RECORDS TO USE:
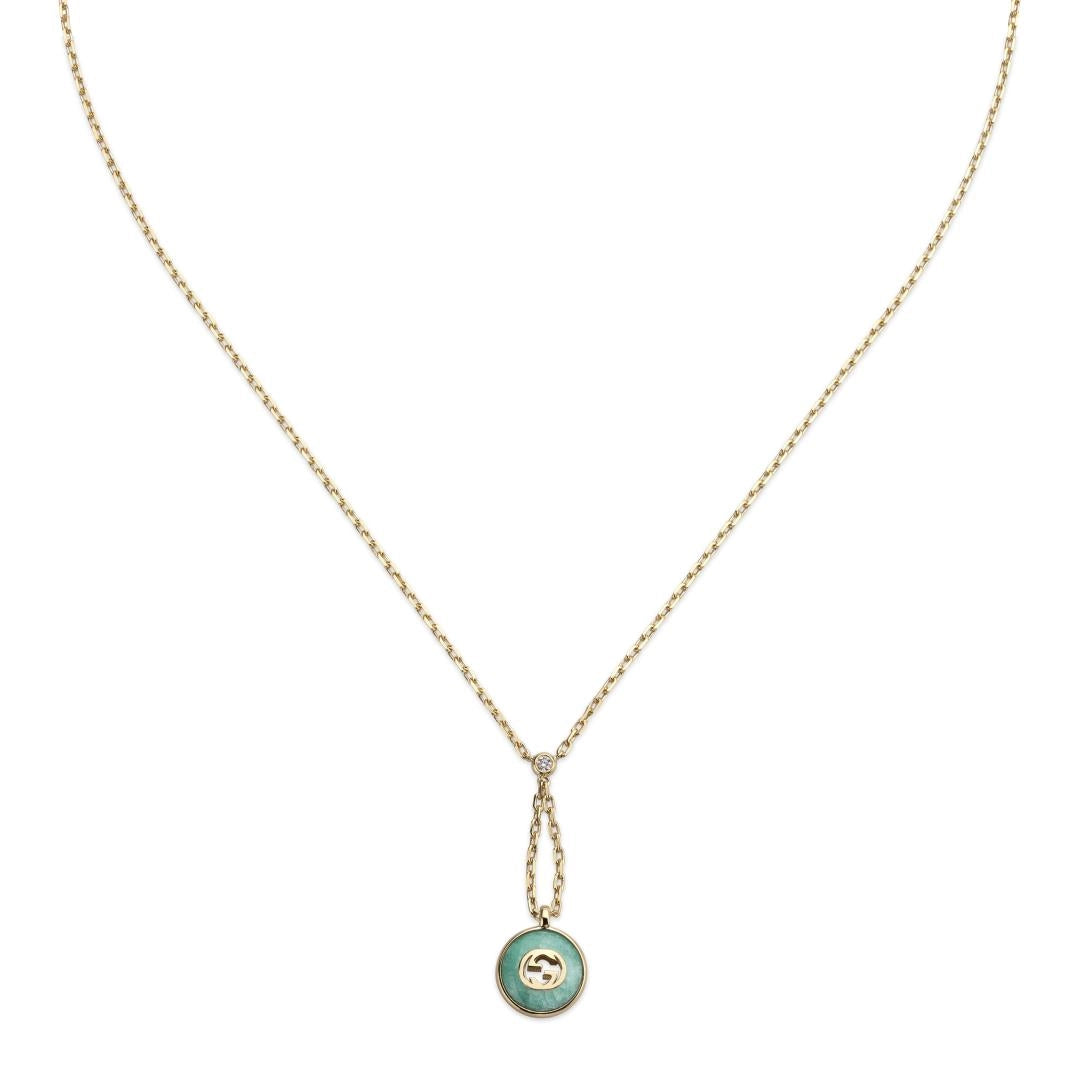 Gucci Necklaces in Yellow Gold containing Other, Multi-gemstone, Diamond YBB83200900100U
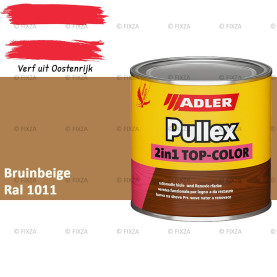 ADLER Pullex 2in1 Top-Color – RAL 1011 Bruinbeige – Dekkende Buitenverf & Houtlazuur | Houtbescherming voor Buiten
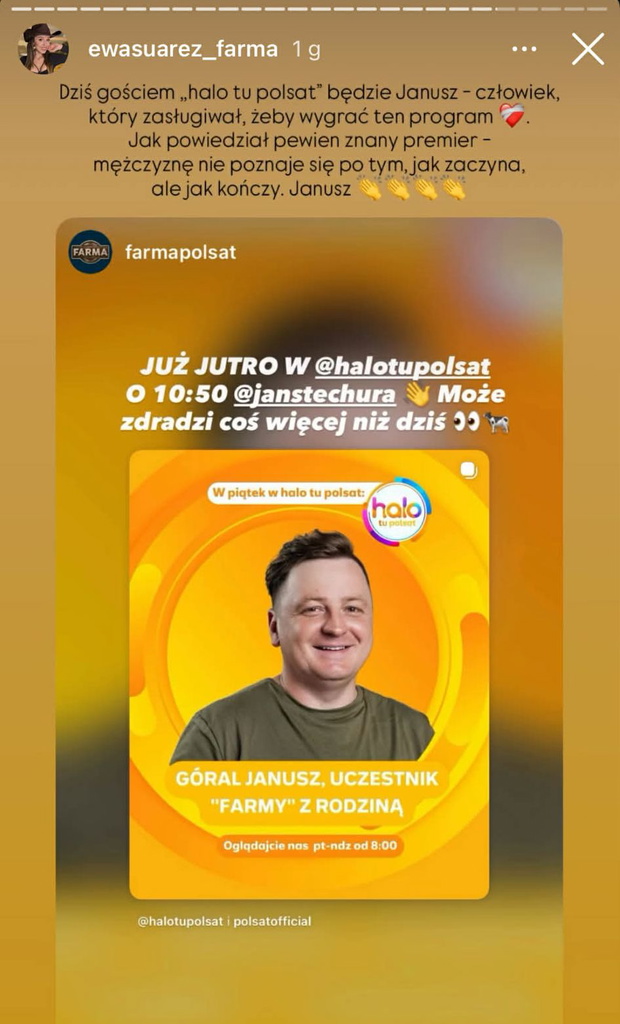 Uczestniczka "Farmy" zabrała głos ws. Janusza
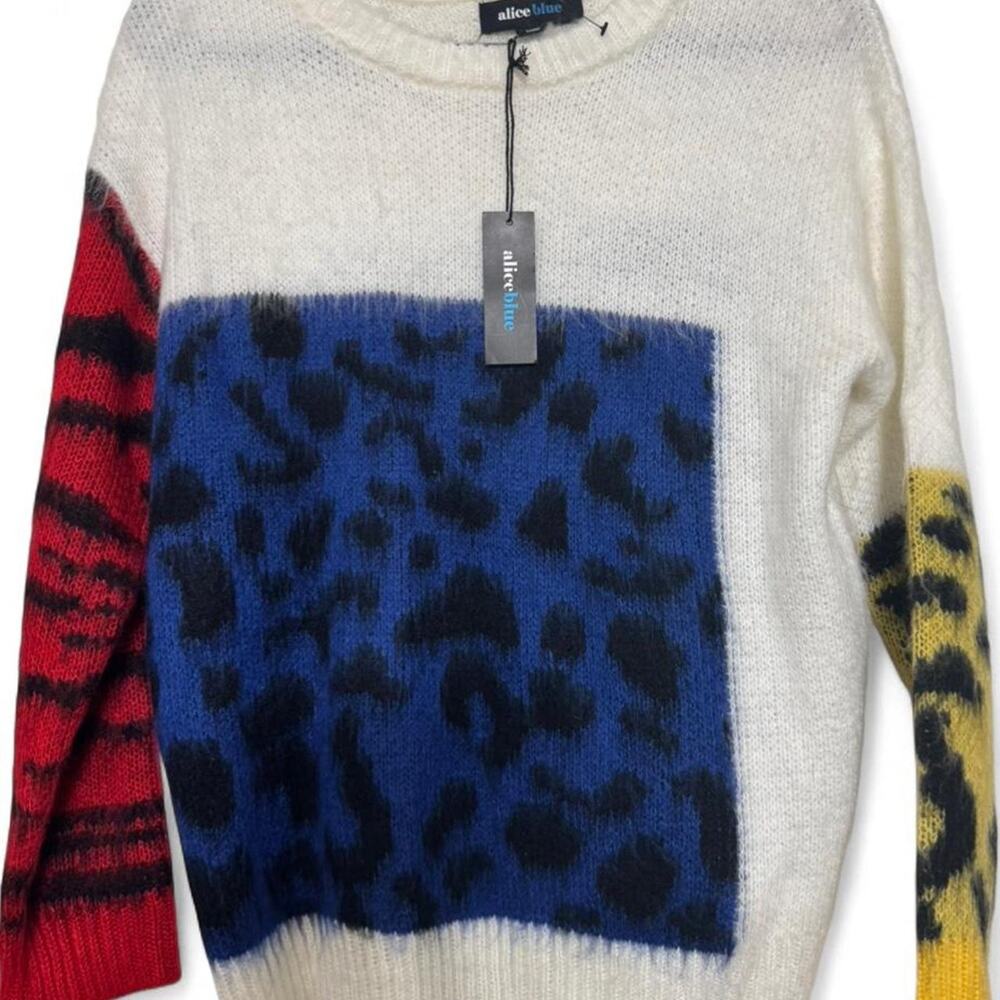 Statement knit sweater by alice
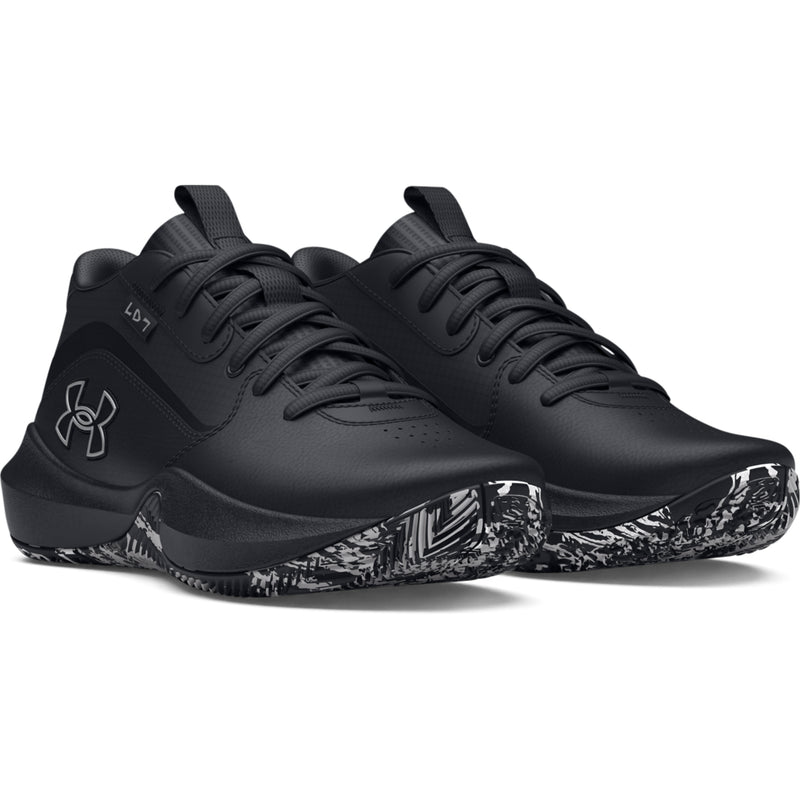 Boys' Under Armour Youth Lockdown 7 Basketball Shoe - 004 - BLACK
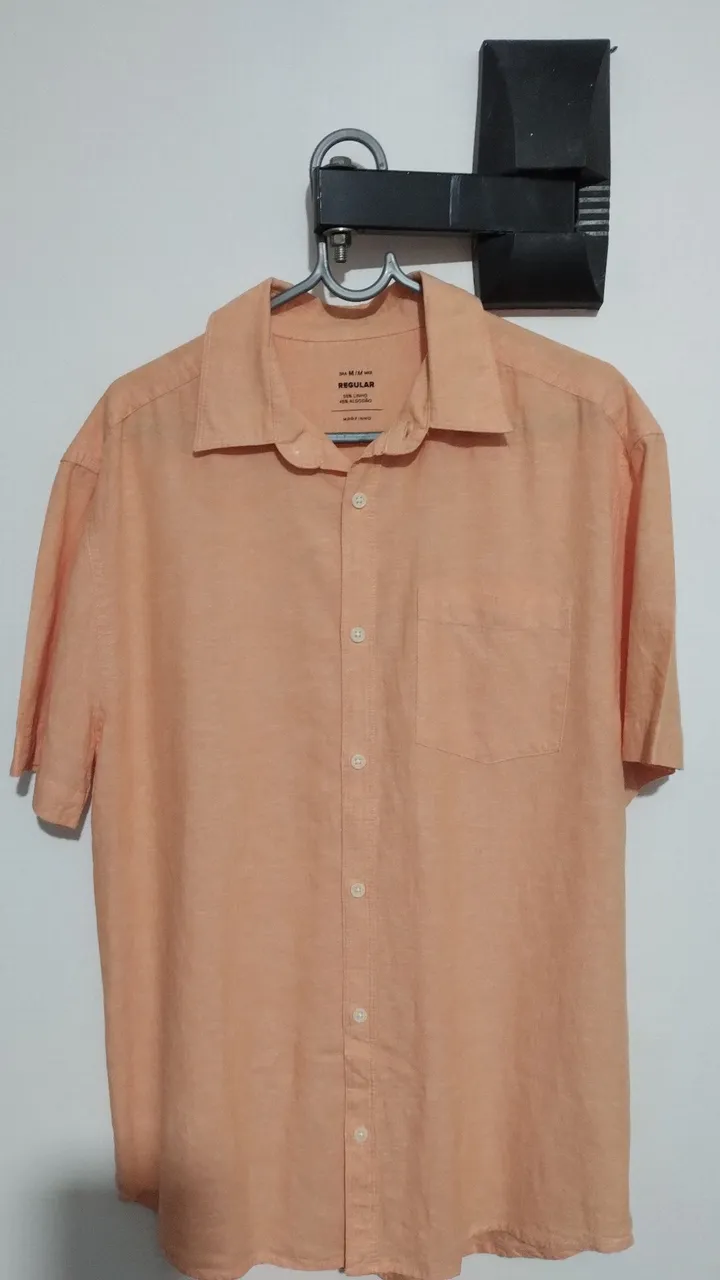 Camisa Social de Linho Nova
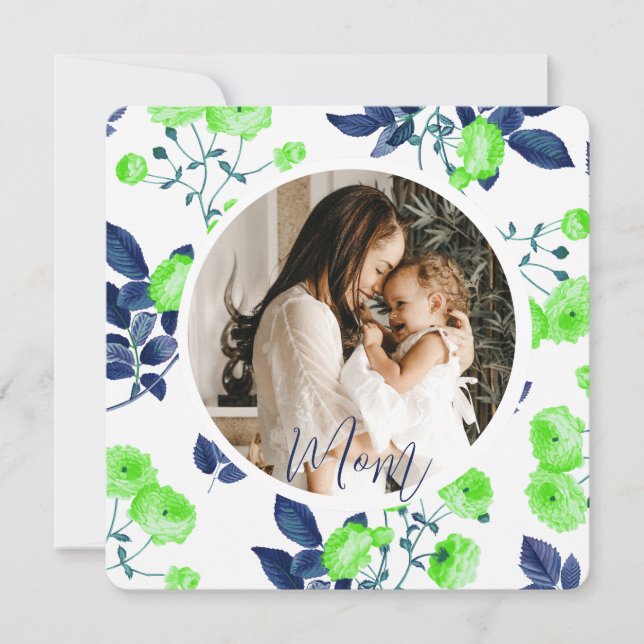 Elegant Floral Mother's Day Card (Front)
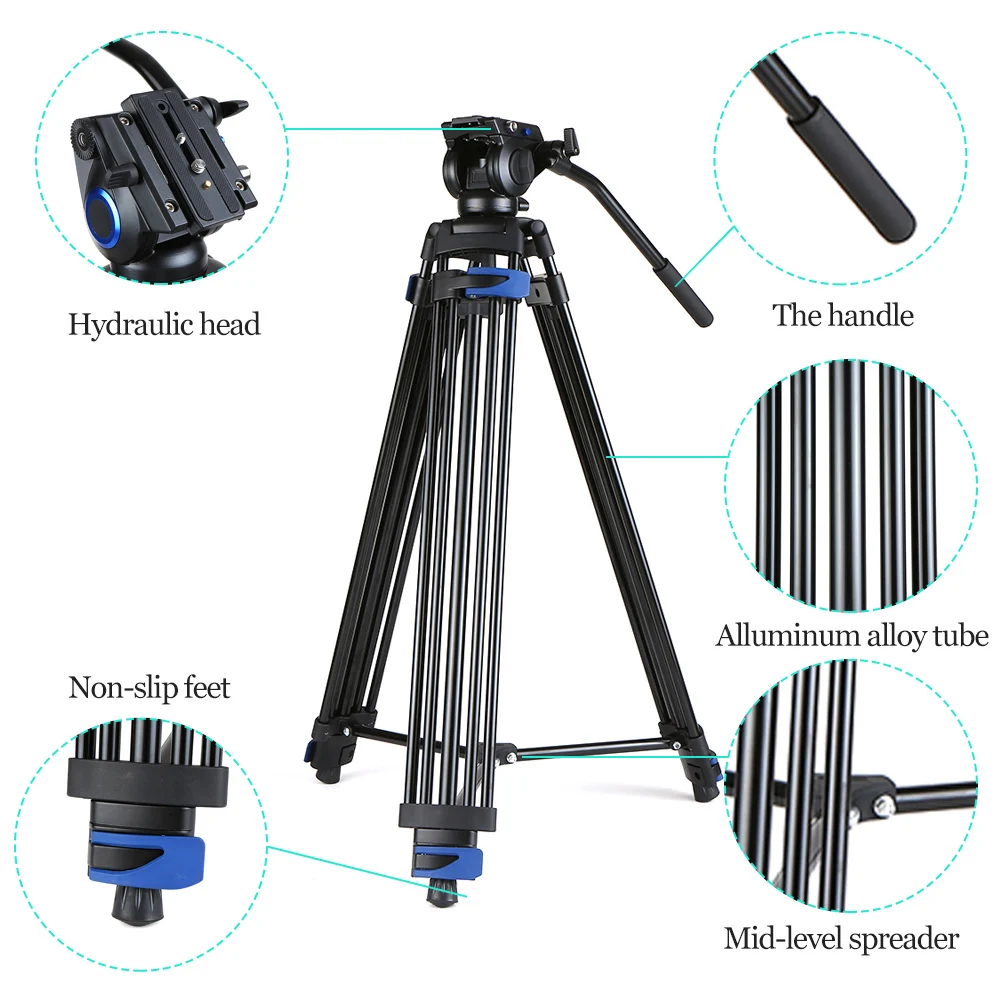 

Professional Camera Tripod Monopod with 360 Panorama Ball Head Quick Release Plate 3-Section Tripod for Camera Nikon Sony DSLR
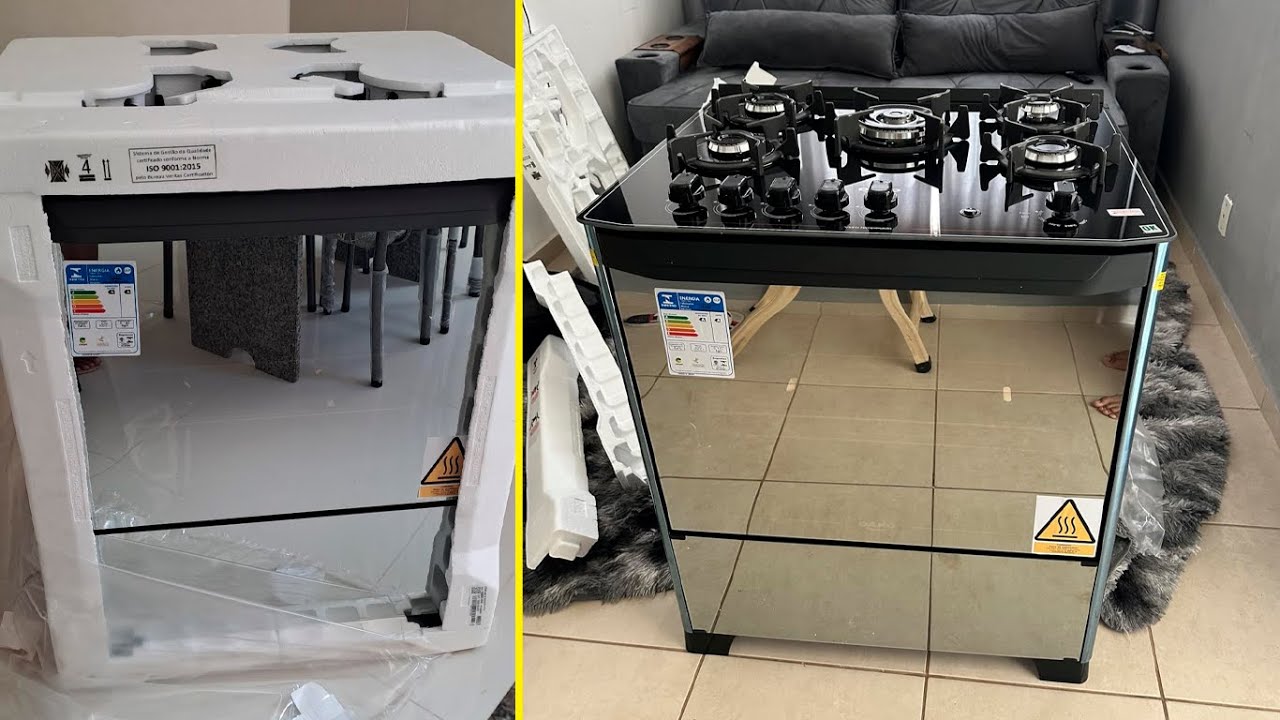 Fogão Dako Magister 5 bocas  espelhado é bom? Veja nossa experiência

PROBLEM: Take the line containing "Statement knit sweater by alice" and every line after it to the end of the records, and restate them verbatim, with no pictures.

ANSWER AREA:
 Statement knit sweater by alice
 Boys' Under Armour Youth Lockdown 7 Basketball Shoe - 004 - BLACK
 Camisa Social de Linho Nova
 Elegant Floral Mother's Day Card (Front)

Professional Camera Tripod Monopod with 360 Panorama Ball Head Quick Release Plate 3-Section Tripod for Camera Nikon Sony DSLR
 Fogão Dako Magister 5 bocas  espelhado é bom? Veja nossa experiência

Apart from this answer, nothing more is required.